What you give back from the listing below should be an exact copy of the lines from the one with "Used 2021 Jeep Cherokee Limited image 19" down to the one with "2025 Land Rover", and it should contain no pictures.

# [Source records]
= = =
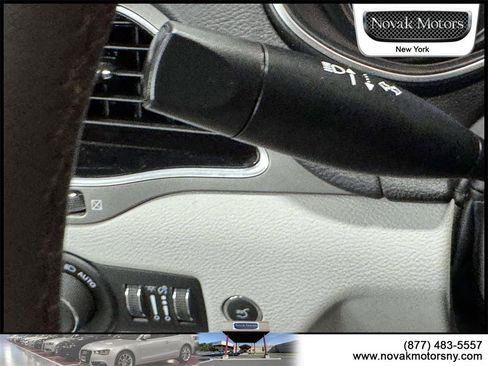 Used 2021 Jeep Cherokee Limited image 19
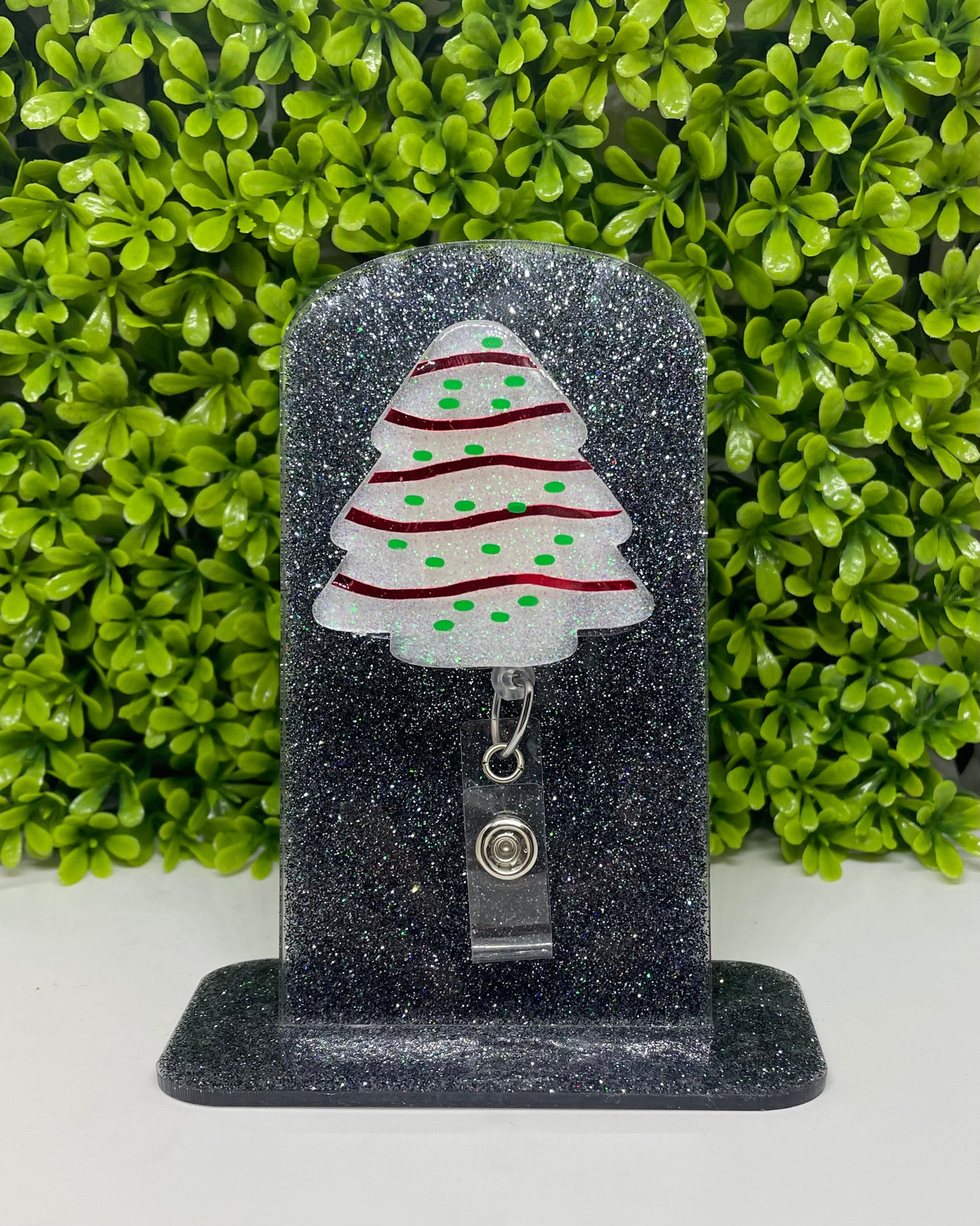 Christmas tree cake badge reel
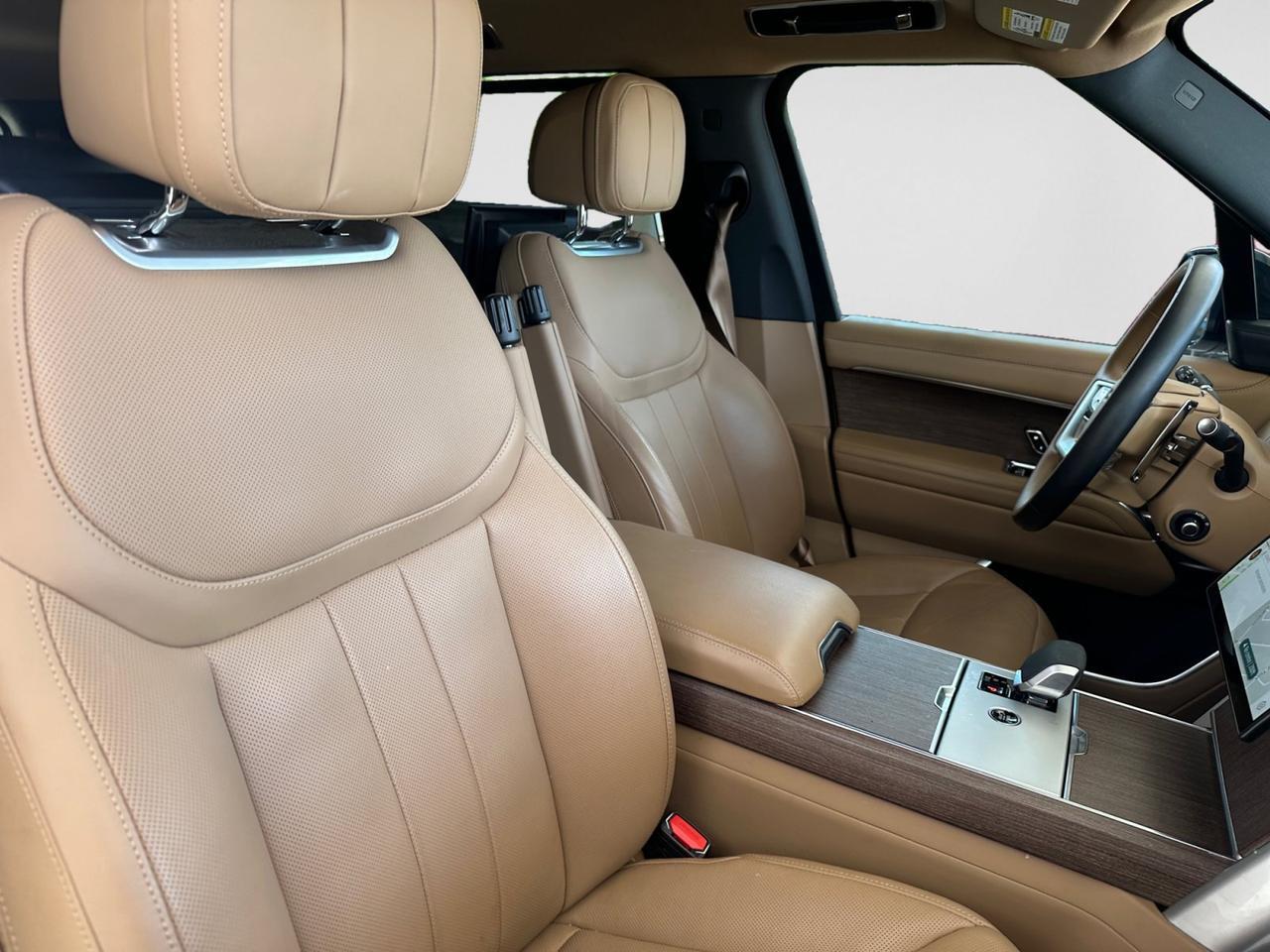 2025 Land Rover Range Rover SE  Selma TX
= = =
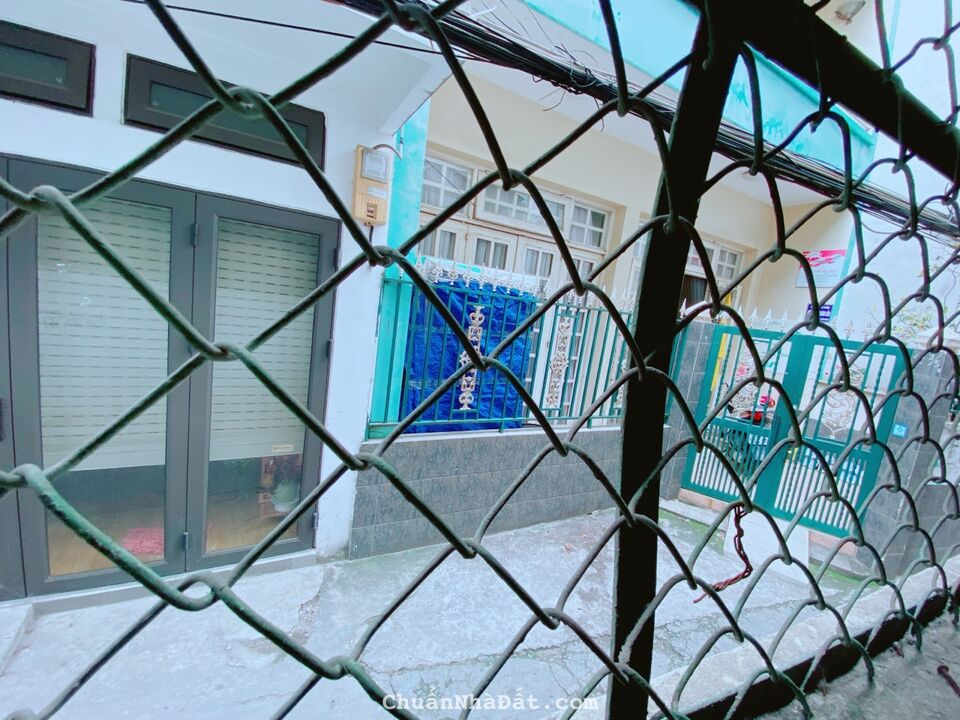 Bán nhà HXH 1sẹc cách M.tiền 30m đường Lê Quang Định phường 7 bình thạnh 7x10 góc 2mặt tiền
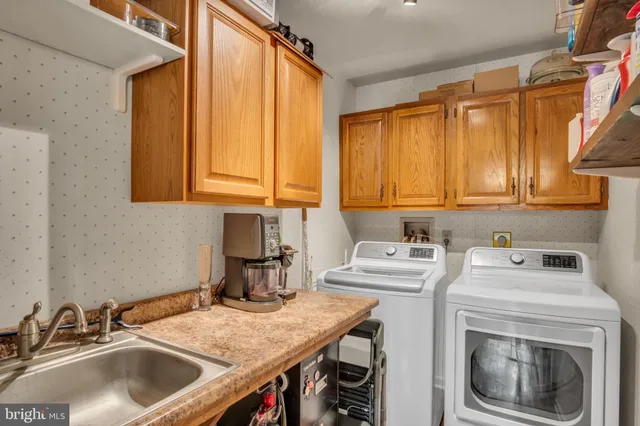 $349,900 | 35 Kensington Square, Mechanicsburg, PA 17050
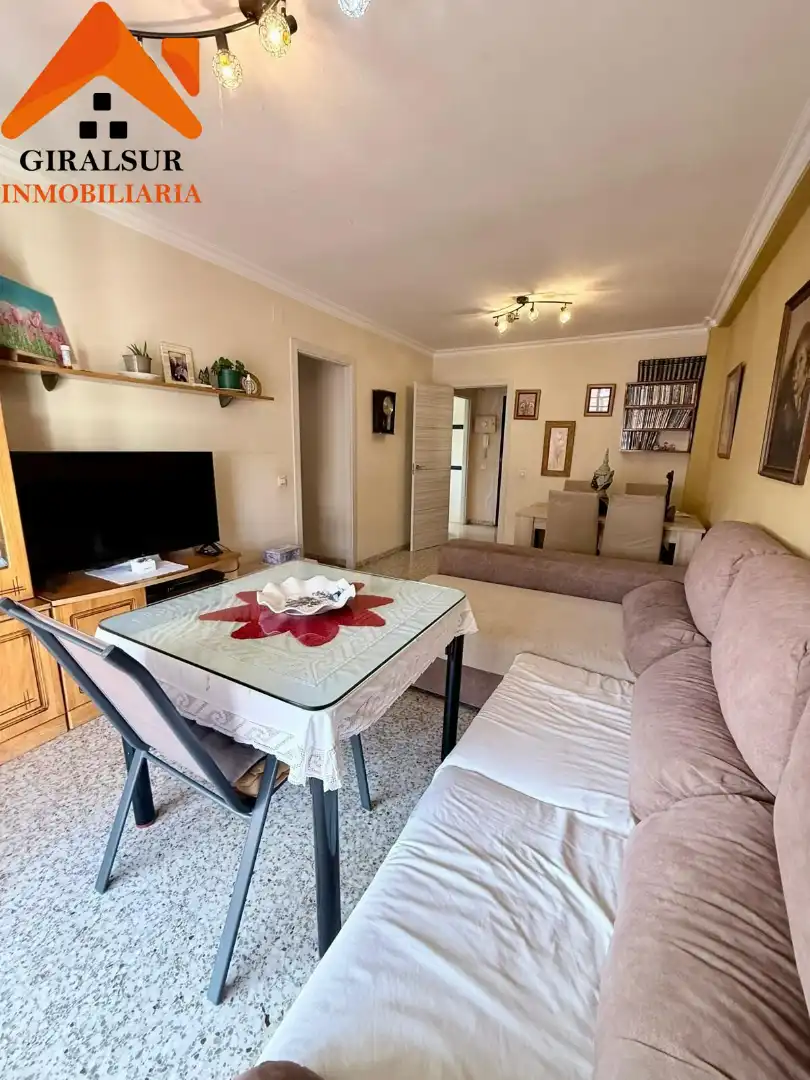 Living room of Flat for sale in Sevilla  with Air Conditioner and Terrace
= = =
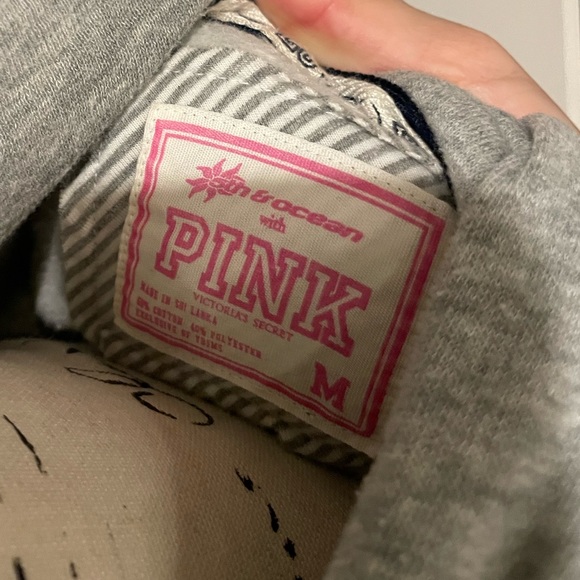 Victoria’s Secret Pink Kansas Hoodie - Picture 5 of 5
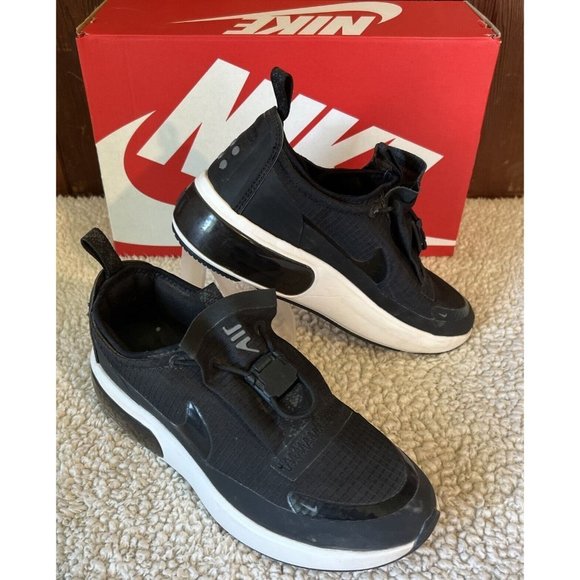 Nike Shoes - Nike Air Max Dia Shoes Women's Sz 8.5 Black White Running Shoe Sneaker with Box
= = =
# [Result of the task]
 Used 2021 Jeep Cherokee Limited image 19
 Christmas tree cake badge reel
 2025 Land Rover Range Rover SE  Selma TX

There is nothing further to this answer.